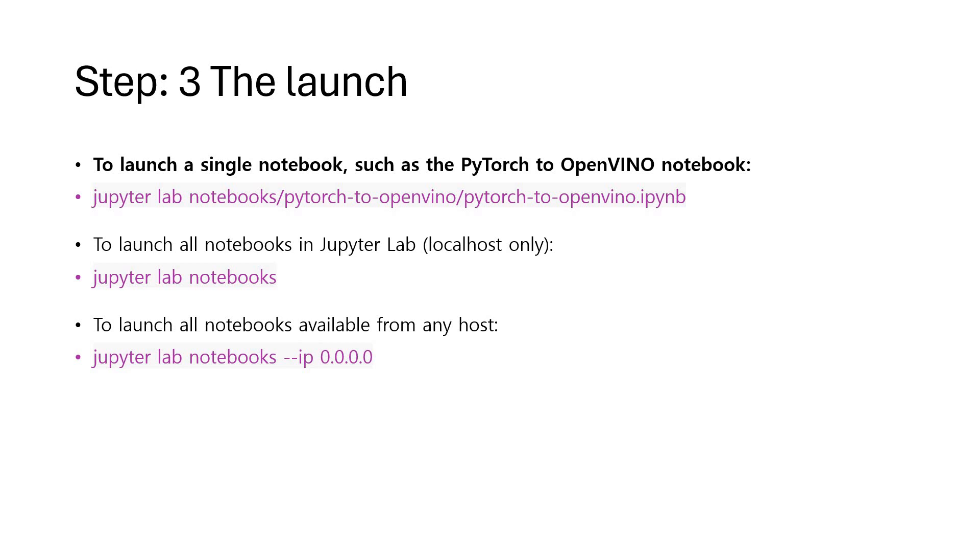If you mention the name of the file, the ipynb file with proper path, it's going to launch only that. If you mention jupyter lab notebooks, it's going to launch all the notebooks available and that's going to be easy for you.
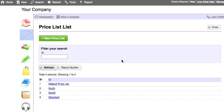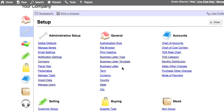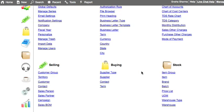You can now define rates against these price lists in the item master.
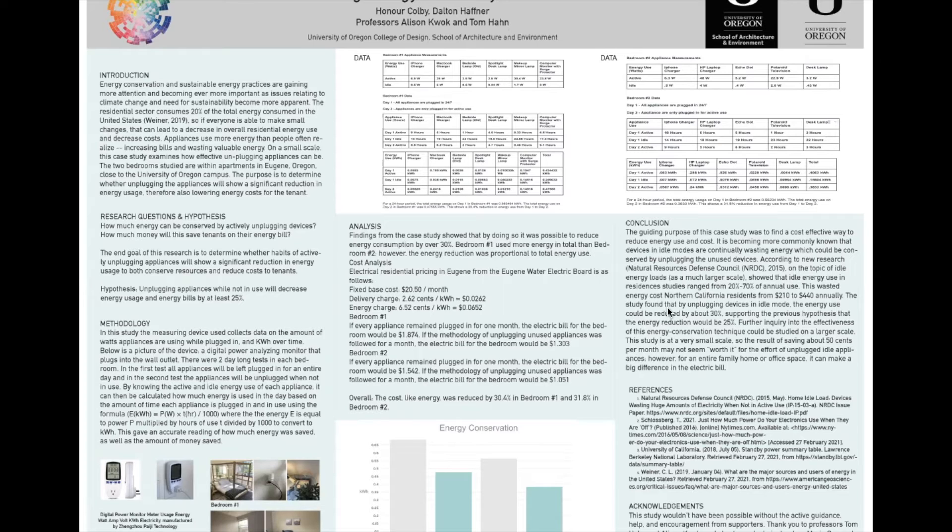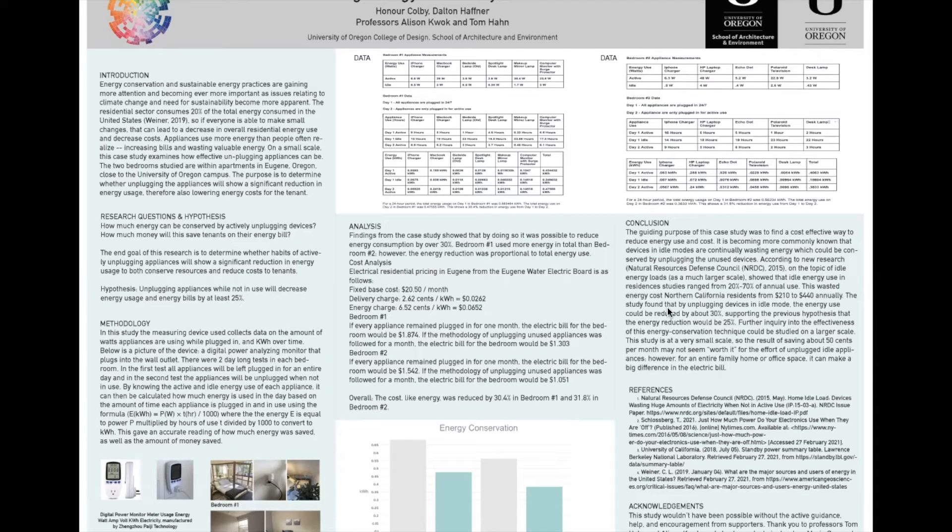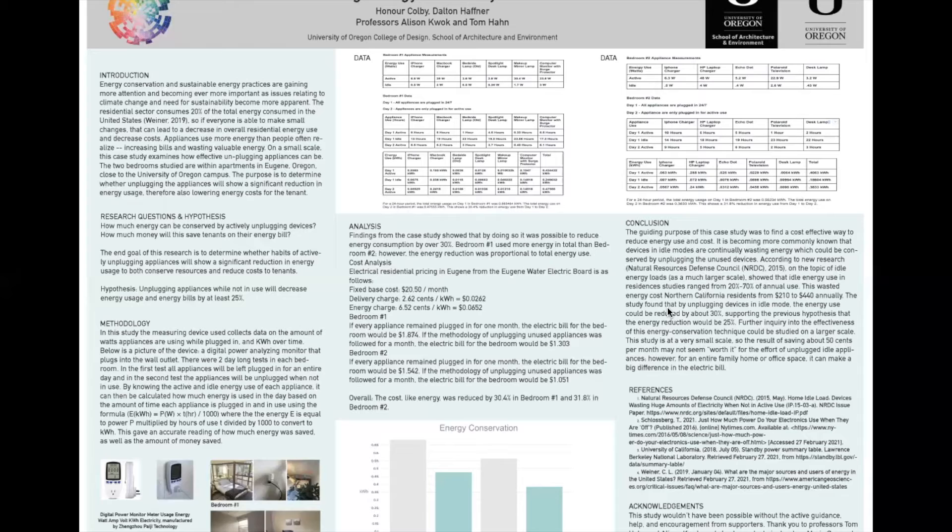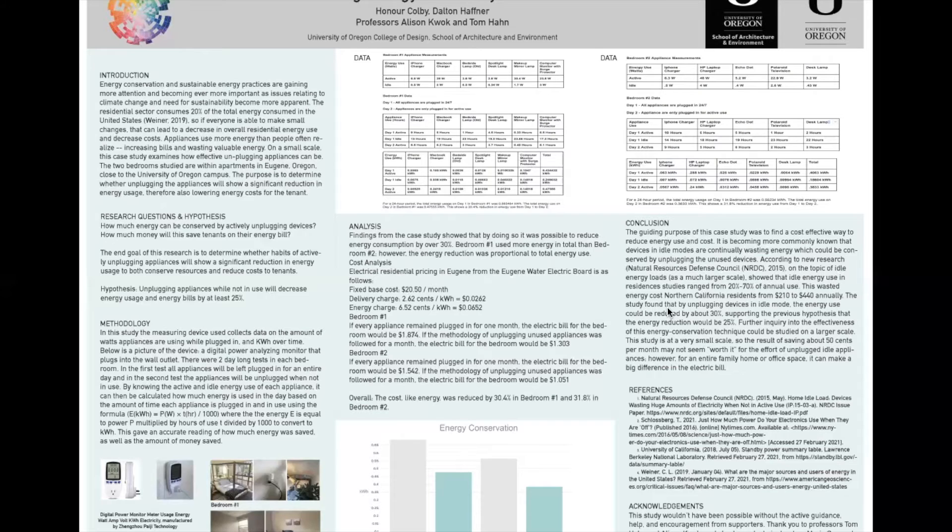We started this project after learning about how building design is becoming more attuned to when users are actually needing energy instead of just leaving them on all the time, which is much less sustainable. We wanted to study it at a smaller scale that was accessible to us in order to figure out if it would be a possible way for the average person to reduce their energy use in day-to-day life.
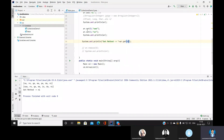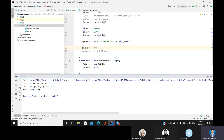To remove an element, use the remove() method. For example, if the element 'is' is at index 4, use ar.remove(4) to delete it. The element at that specific index gets removed from the ArrayList.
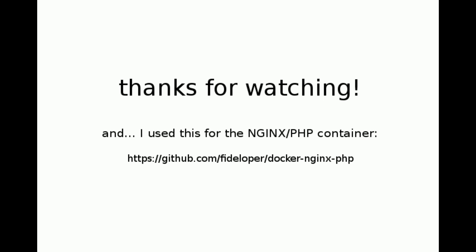That's it. Short and simple. Hope you enjoyed. If you have any questions, please ask. Thanks for watching. Bye-bye.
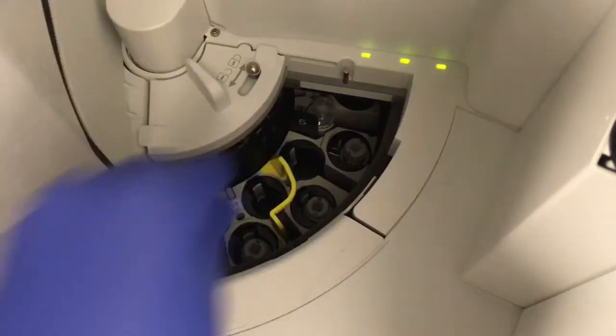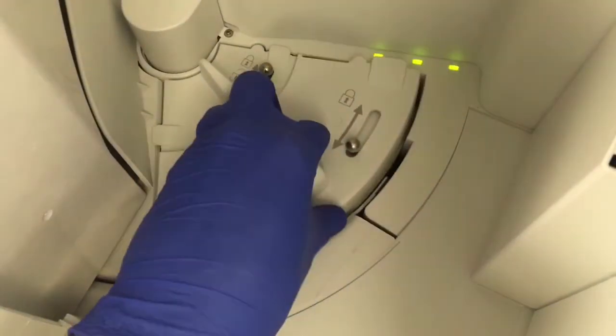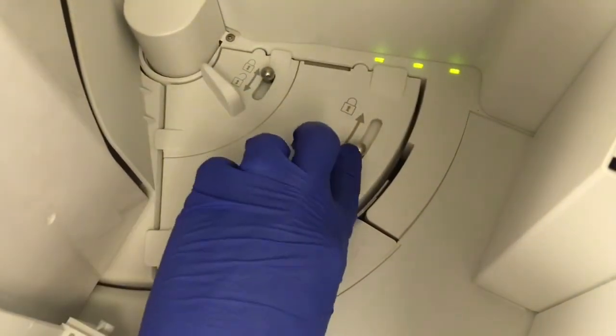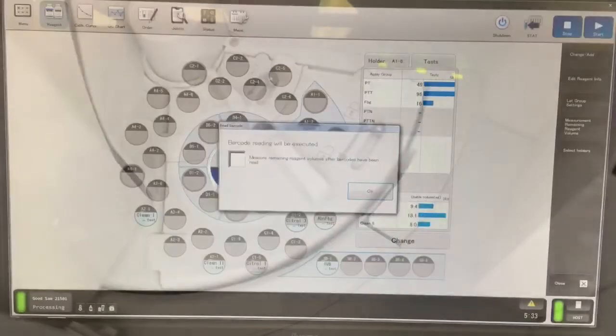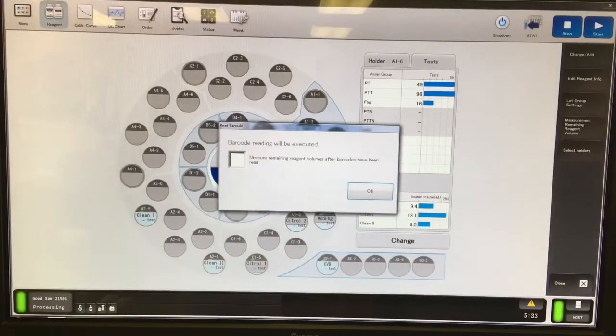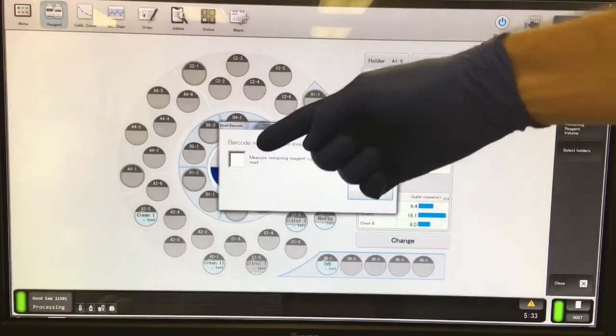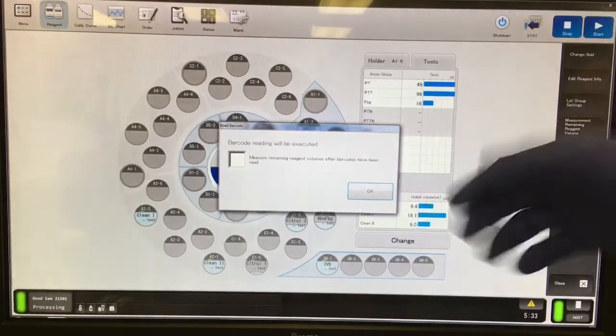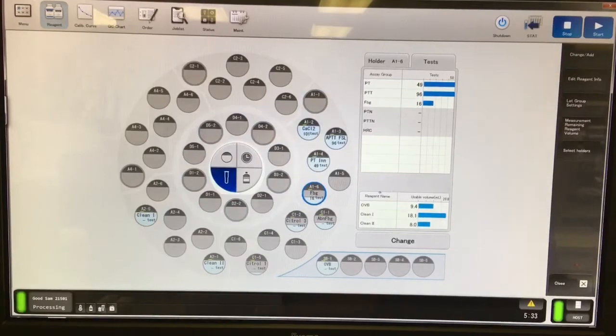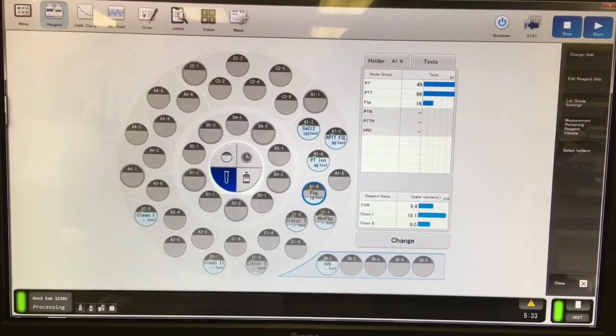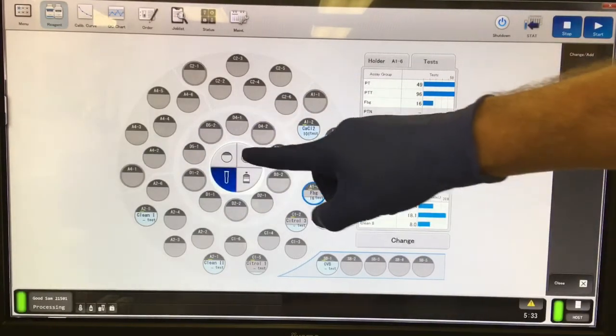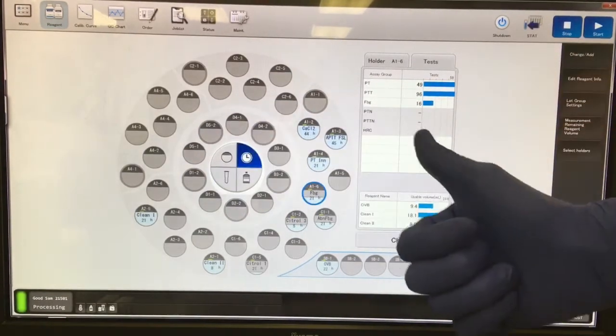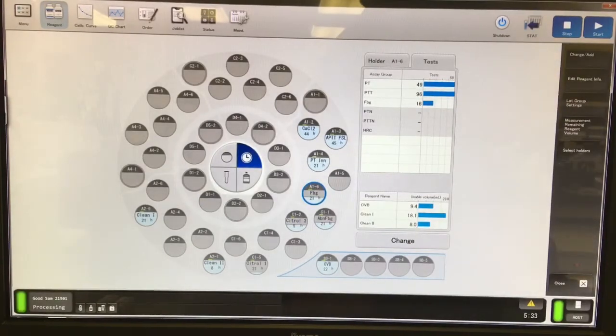Once you've changed the reagent, go ahead and place it back inside, and replace the cover and lock it. Once you do that, it's going to ask you if you want to update all the volumes currently. You can just skip that because it takes a few minutes and it'll just do it automatically whenever you go to use the reagent.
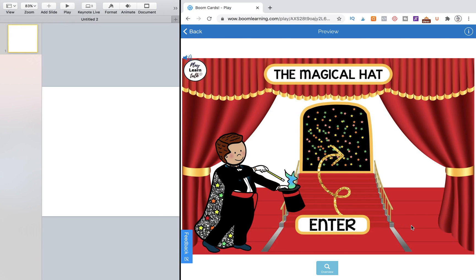Hi, this is Kelly from Petka Kelly and PlayLearnTalk and today's tutorial is going to be how to create sound and add it to your image in your Boom card games.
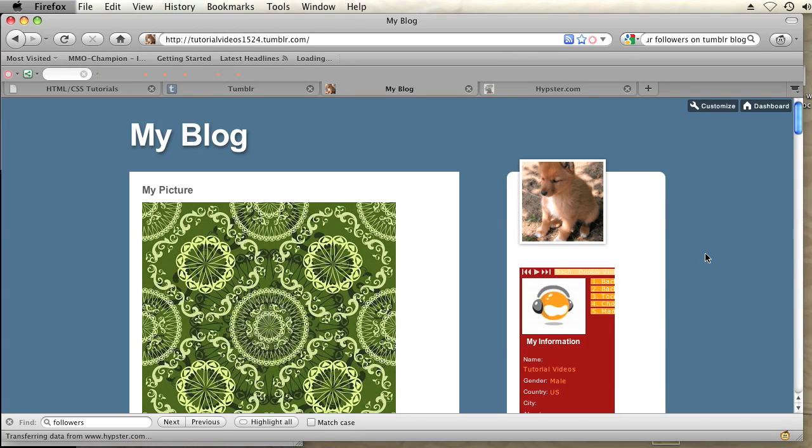Hi, my name is Brian. I'm a web and graphics specialist and today I'm going to show you how to put a music player on Tumblr without people seeing the widget.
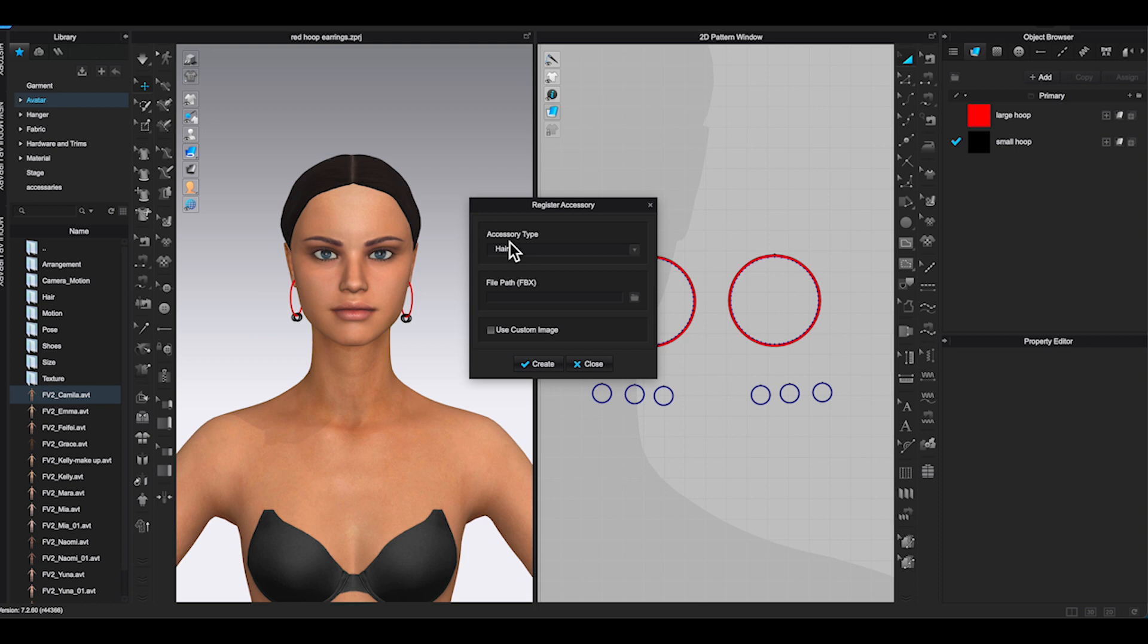In File Path, click on the file icon and go find the FBX you exported earlier. The FBX file name should be earring with uppercase E and singular.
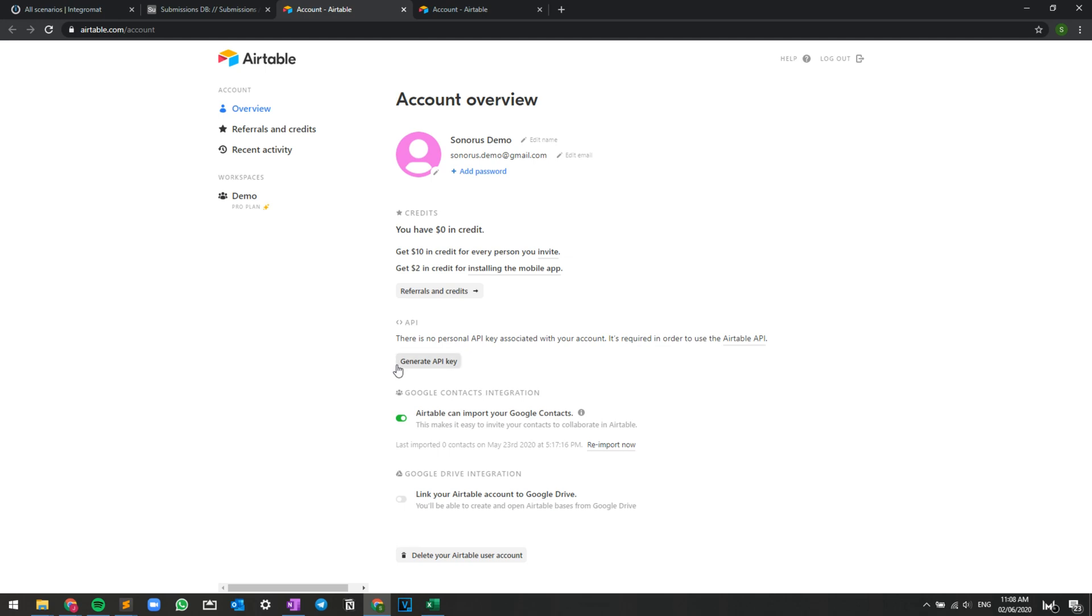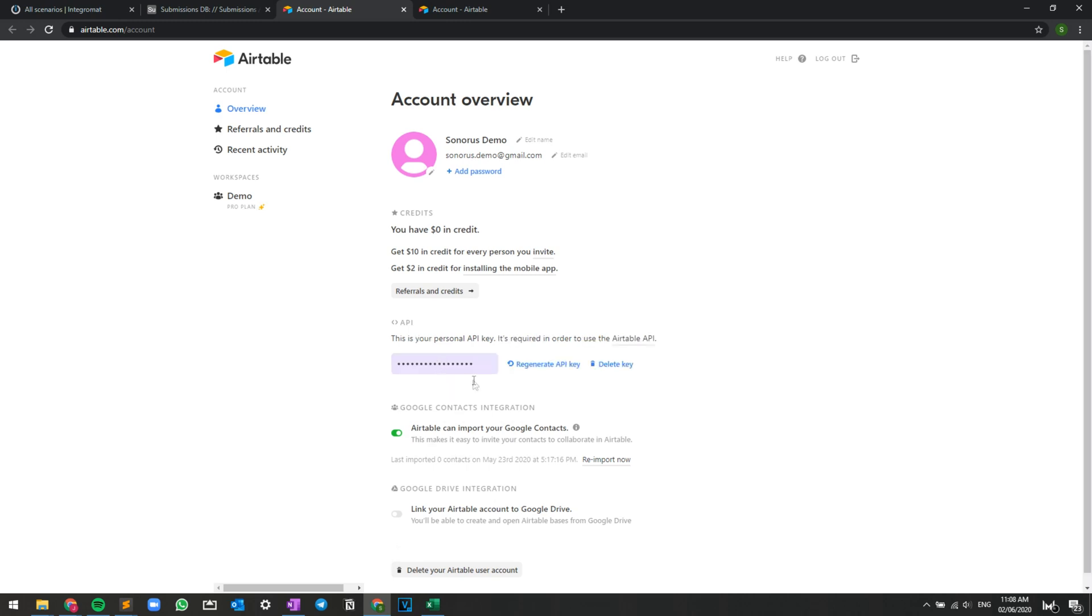Now, if you're like me and you haven't really started doing anything with the API, simply press on this generate API key button and you'll get your API key. What you have to do next is basically copy it.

━━━

▸ Directions for this task:
Set down, exactly as written above, each line from the one with "We started this" through the one with "Hi, my name", and skip the pictures.

▸ Solution to the problem:
We started this project after learning about how building design is becoming more attuned to when users are actually needing energy instead of just leaving them on all the time, which is much less sustainable. We wanted to study it at a smaller scale that was accessible to us in order to figure out if it would be a possible way for the average person to reduce their energy use in day-to-day life.
To remove an element, use the remove() method. For example, if the element 'is' is at index 4, use ar.remove(4) to delete it. The element at that specific index gets removed from the ArrayList.
That's it. Short and simple. Hope you enjoyed. If you have any questions, please ask. Thanks for watching. Bye-bye.
Once you've changed the reagent, go ahead and place it back inside, and replace the cover and lock it. Once you do that, it's going to ask you if you want to update all the volumes currently. You can just skip that because it takes a few minutes and it'll just do it automatically whenever you go to use the reagent.
Hi, this is Kelly from Petka Kelly and PlayLearnTalk and today's tutorial is going to be how to create sound and add it to your image in your Boom card games.
Hi, my name is Brian. I'm a web and graphics specialist and today I'm going to show you how to put a music player on Tumblr without people seeing the widget.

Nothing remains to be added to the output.